Weight management is also important, particularly for individuals with non-alcoholic fatty liver disease (NAFLD). Losing even 3% to 5% of body weight can offer benefits, and a 7% to 10% weight reduction is often recommended to improve liver fat content, inflammation, and fibrosis.

Avoiding or significantly reducing alcohol consumption is another important step, as alcohol is a major contributor to liver damage and stiffness. Studies show that liver stiffness can rapidly decline in heavy drinkers after just seven days of abstinence, with further reductions seen over several weeks. This suggests that non-fibrotic lesions, such as alcoholic hepatitis, also influence liver stiffness.

Regular physical activity also benefits liver health by improving blood flow, decreasing liver inflammation, and reducing liver fat, even independent of significant weight loss. Aim for at least 150 minutes of moderate-intensity aerobic exercise, such as brisk walking, or 75 minutes of vigorous-intensity exercise per week. Resistance training two days a week can also be beneficial. Additionally, it is advisable to avoid unnecessary medications, supplements, or environmental toxins without medical advice, as these can place an undue burden on the liver.
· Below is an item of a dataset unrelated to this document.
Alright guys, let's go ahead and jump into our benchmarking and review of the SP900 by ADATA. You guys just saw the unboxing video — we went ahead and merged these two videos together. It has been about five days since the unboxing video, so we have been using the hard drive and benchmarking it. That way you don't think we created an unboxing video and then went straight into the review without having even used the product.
Managing Underlying Causes

Addressing the specific medical conditions that lead to liver stiffness is paramount for its reduction. For chronic viral hepatitis, such as Hepatitis B and C, antiviral therapies are crucial for suppressing the virus and, consequently, reducing liver stiffness. Direct-acting antivirals (DAAs) have transformed Hepatitis C treatment, achieving high cure rates and often leading to fibrosis regression. For Hepatitis B, antiviral medications like entecavir and tenofovir help control the virus, minimizing liver damage and slowing disease progression.

Non-Alcoholic Steatohepatitis (NASH), a more severe form of NAFLD characterized by inflammation and liver cell damage, requires targeted management. While lifestyle changes are foundational, emerging pharmacological treatments are also being developed. For instance, resmetirom (Rezdiffra) has been approved to reduce liver fat in certain NASH patients with moderate to severe scarring, although it is not recommended for those with cirrhosis.
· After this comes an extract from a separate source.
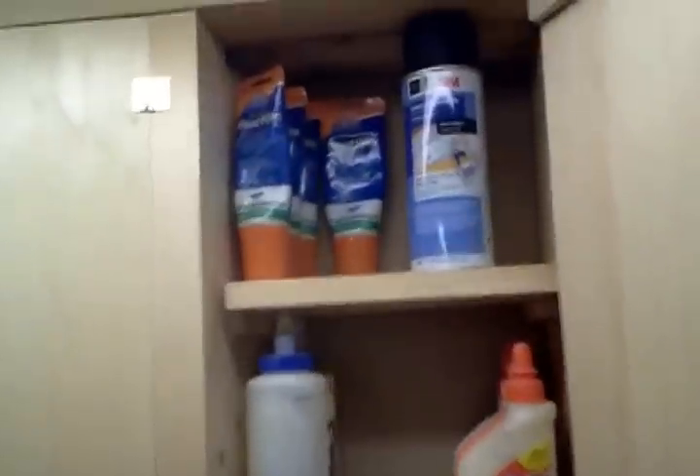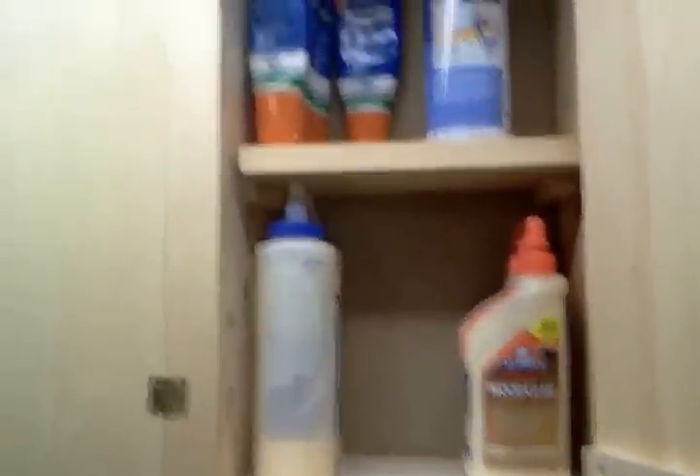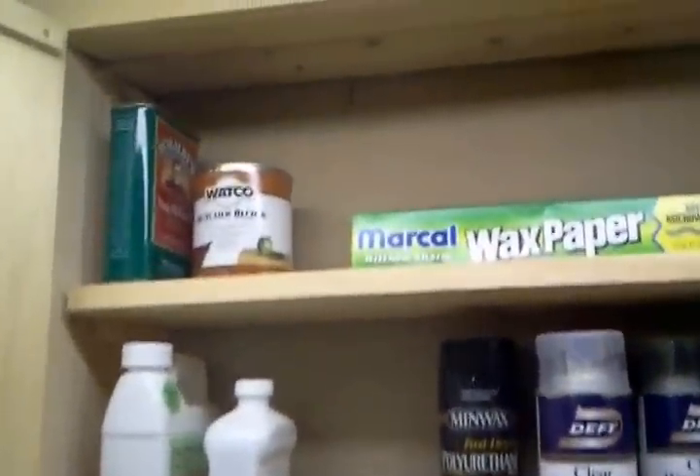They're up, they're hung, and now I don't have dust on everything. Let me show you what I put in these bad boys. The first one — I've got some wood fillers, some glues. Over on this side: spray cans, mineral oils, mineral spirits, paste wax, tung oil, and wax paper.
Autoimmune liver diseases, where the immune system mistakenly attacks liver cells, often require immunosuppressants to control inflammation and prevent further damage. Corticosteroids like prednisone are commonly used to reduce inflammation, often in combination with other immunosuppressants such as azathioprine or mycophenolate mofetil. Other less common causes of liver stiffness, like hemochromatosis (iron overload) or Wilson’s disease (copper overload), necessitate specific medical interventions to remove excess minerals from the body.

Monitoring and Professional Guidance

Regular monitoring and professional guidance are important aspects of managing liver stiffness. Liver stiffness is commonly assessed using non-invasive methods like transient elastography, often known as FibroScan. This procedure measures the velocity of a vibration wave as it passes through the liver, with faster speeds indicating greater stiffness. Other methods include magnetic resonance elastography (MRE), which combines MRI with sound waves to map liver stiffness, and various blood tests that can indicate liver function and inflammation.

These tests help estimate the degree of liver damage, track disease progression or regression, and guide treatment decisions. While FibroScan is effective for assessing scarring, it does not replace conventional ultrasound, which is used to evaluate the liver’s structure and screen for complications like hepatocellular carcinoma.

All strategies aimed at reducing liver stiffness, whether lifestyle-based or medical, should be undertaken with the guidance of a healthcare professional. Regular follow-up appointments are essential to monitor progress, adjust treatment plans as needed, and interpret test results accurately.